В тоже время Россия не хочет понять, что украинская история протолиберальна и протодемократична. Это всегда была история освобождения: национально-освободительных битв, войн, восстаний, движений, революций. В этом смысле украинская история в центр ставит не державу, а человека, общество, которые всегда боролись против авторитарной, а затем и тоталитарной систем других государств и империй. В этом и есть фундаментальная разница историй Украины и России. Это существенное различие пока не дает возможности при самых благих пожеланиях создать общий учебник истории России и Украины.

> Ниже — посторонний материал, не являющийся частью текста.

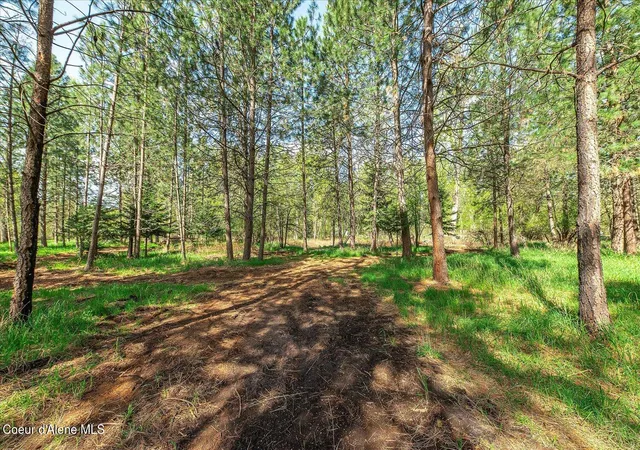 5th image of 36524 E Canyon Rd, Cataldo, ID 83810 | MLS# 26-2972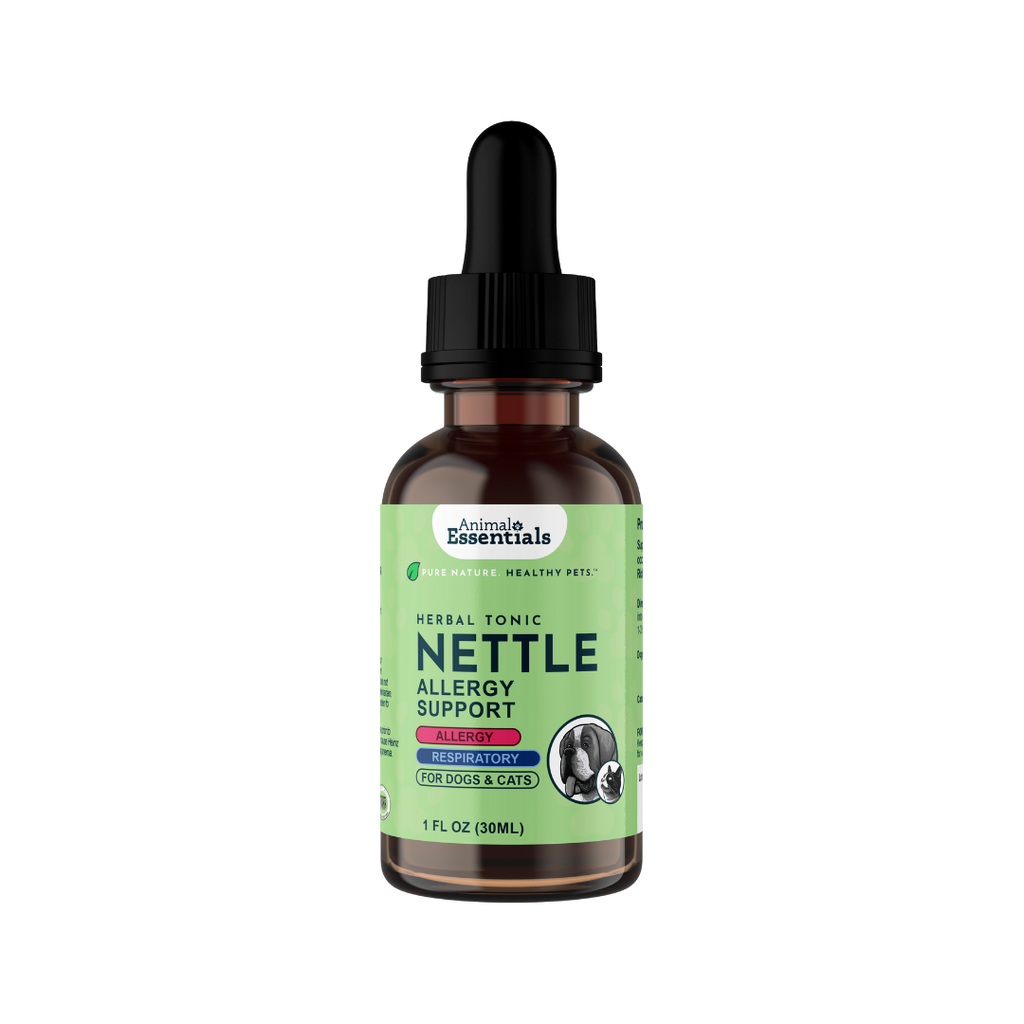 AE_Nettle_1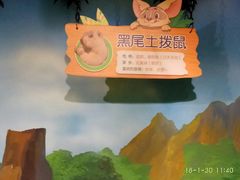 -萌宠奇缘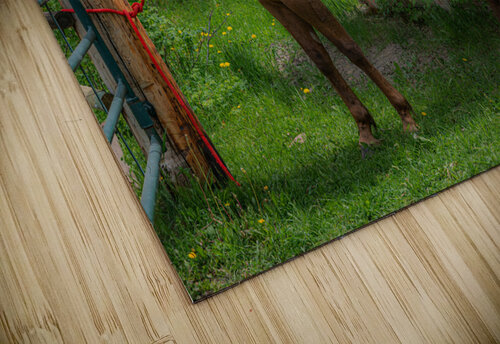 Ready to Ride Kevin MacLellan puzzle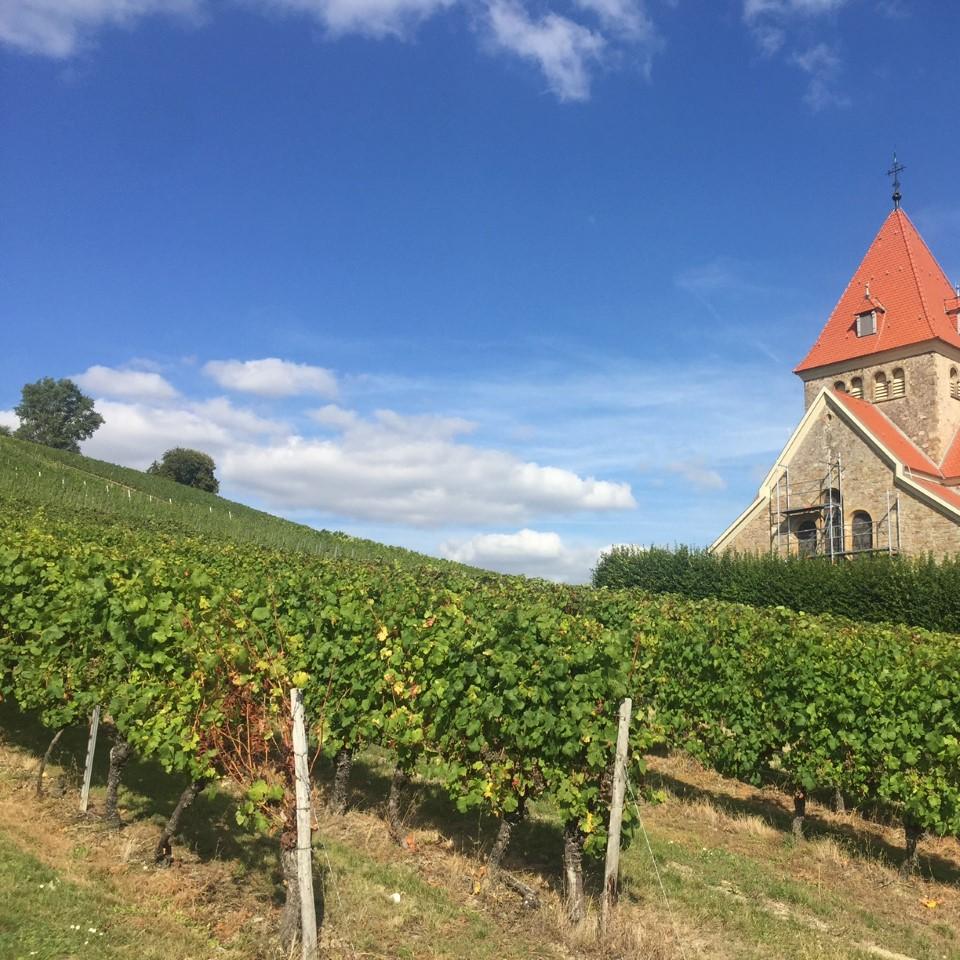 Restaurant "Hofgut Wißberg - Das Weinberghotel" in Sankt Johann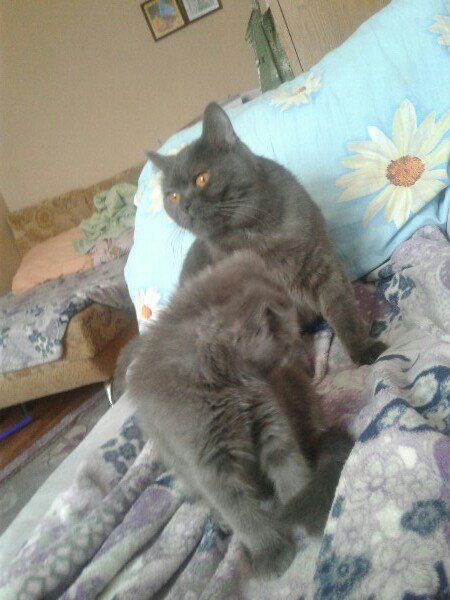 Ещё совсем молодые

Нынешней украинской власти нужно понять: если она хочет строить сильное государство, которое она постоянно обещает, ей это не удастся на основе истории другого государства. Сильное государство, которое является платформой для сильной власти, невозможно без исторического суверенитета страны, общего понимания истории, без права на собственную выстраданную историю, своего пантеона героев. Если в Украине будут чтить героев другой страны, то это значит, что Украина будет находиться в поле символического притяжения другой страны. Без своих праздников, которые должны отличатся от праздничных дней другой страны. Если праздновать общие поражения и победы, то тогда все должно стать общим, и власть — в первую очередь. Это должна понимать нынешняя власть, если она хочет быть властью, а не субъектом федерации какого-то общего государственного пространства. Поэтому думается, что сегодня уже не только общество, но и государственная власть, бюрократия должны созреть до понимания того, что только имея собственную историю можно претендовать на собственное место в глобальном мире. А если власть заявляет, что интеграция в Европейский Союз является стратегическим приоритетом страны, тогда и историческое мировоззрение украинской власти и государства в целом, реализованное, в том числе и в идеологической политике, должно быть европейским, где на первом месте стоит свобода, права, человек.